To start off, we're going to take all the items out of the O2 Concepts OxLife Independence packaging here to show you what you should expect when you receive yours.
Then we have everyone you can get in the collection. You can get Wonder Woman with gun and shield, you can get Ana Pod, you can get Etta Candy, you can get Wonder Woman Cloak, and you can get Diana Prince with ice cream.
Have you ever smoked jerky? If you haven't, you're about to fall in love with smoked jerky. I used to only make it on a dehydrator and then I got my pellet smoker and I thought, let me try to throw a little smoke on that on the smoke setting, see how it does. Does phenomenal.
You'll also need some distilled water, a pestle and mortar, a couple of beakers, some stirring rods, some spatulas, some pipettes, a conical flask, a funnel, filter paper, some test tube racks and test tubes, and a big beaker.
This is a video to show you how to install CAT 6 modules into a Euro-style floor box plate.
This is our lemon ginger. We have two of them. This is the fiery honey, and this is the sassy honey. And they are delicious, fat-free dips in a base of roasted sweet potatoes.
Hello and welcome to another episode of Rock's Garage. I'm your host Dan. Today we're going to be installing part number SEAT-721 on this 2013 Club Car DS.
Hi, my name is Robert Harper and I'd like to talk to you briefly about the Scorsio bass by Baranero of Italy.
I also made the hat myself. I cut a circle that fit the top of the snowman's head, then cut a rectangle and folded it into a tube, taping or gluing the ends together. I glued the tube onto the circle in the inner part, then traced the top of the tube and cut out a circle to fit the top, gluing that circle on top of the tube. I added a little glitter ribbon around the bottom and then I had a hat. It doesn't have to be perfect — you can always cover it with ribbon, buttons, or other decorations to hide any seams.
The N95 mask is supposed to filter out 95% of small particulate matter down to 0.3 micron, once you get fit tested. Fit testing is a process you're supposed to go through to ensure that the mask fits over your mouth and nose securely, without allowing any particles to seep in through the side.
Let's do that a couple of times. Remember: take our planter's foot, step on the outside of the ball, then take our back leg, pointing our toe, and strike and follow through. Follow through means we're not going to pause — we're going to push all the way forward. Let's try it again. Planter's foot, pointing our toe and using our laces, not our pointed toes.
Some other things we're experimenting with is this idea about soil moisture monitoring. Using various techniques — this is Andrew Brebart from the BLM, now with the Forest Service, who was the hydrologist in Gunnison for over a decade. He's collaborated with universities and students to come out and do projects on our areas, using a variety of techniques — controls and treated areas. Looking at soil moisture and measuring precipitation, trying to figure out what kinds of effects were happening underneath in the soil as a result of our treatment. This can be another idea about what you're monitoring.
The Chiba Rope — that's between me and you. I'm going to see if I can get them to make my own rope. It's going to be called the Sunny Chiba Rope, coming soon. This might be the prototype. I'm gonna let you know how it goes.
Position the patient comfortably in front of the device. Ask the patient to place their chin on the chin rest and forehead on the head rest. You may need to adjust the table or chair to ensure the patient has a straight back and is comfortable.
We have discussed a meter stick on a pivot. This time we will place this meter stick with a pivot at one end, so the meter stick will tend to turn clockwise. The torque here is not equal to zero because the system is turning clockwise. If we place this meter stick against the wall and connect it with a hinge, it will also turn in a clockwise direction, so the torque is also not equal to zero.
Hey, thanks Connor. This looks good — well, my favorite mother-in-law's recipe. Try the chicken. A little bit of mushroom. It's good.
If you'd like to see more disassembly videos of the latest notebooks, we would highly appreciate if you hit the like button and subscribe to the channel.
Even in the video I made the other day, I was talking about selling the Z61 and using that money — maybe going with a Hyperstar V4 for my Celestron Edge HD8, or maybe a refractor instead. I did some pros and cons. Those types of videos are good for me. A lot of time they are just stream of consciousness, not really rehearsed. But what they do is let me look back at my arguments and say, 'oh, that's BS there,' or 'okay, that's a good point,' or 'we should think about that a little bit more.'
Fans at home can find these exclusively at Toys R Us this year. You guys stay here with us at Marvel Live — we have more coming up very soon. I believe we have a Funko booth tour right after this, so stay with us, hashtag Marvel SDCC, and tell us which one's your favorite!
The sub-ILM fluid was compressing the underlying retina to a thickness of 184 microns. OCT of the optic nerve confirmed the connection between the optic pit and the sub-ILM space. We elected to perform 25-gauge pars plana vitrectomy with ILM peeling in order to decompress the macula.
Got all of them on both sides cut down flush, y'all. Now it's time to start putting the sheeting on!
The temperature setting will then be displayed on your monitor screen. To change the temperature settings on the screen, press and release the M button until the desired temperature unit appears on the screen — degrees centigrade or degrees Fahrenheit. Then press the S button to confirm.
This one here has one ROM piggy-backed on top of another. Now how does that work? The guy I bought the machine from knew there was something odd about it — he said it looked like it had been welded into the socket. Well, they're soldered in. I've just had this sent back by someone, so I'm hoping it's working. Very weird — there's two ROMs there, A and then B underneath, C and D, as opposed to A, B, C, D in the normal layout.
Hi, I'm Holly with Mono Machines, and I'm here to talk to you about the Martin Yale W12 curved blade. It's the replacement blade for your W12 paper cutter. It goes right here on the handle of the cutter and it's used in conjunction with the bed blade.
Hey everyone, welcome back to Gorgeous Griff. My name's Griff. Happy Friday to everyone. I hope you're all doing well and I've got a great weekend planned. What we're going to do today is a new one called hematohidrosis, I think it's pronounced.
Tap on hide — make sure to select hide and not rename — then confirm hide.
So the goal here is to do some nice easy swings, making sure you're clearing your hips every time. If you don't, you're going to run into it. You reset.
-*-*-
From the start of the data to the line that holds "Have you ever", retype each line exactly, with both ends included.

[RESULT]
To start off, we're going to take all the items out of the O2 Concepts OxLife Independence packaging here to show you what you should expect when you receive yours.
Then we have everyone you can get in the collection. You can get Wonder Woman with gun and shield, you can get Ana Pod, you can get Etta Candy, you can get Wonder Woman Cloak, and you can get Diana Prince with ice cream.
Have you ever smoked jerky? If you haven't, you're about to fall in love with smoked jerky. I used to only make it on a dehydrator and then I got my pellet smoker and I thought, let me try to throw a little smoke on that on the smoke setting, see how it does. Does phenomenal.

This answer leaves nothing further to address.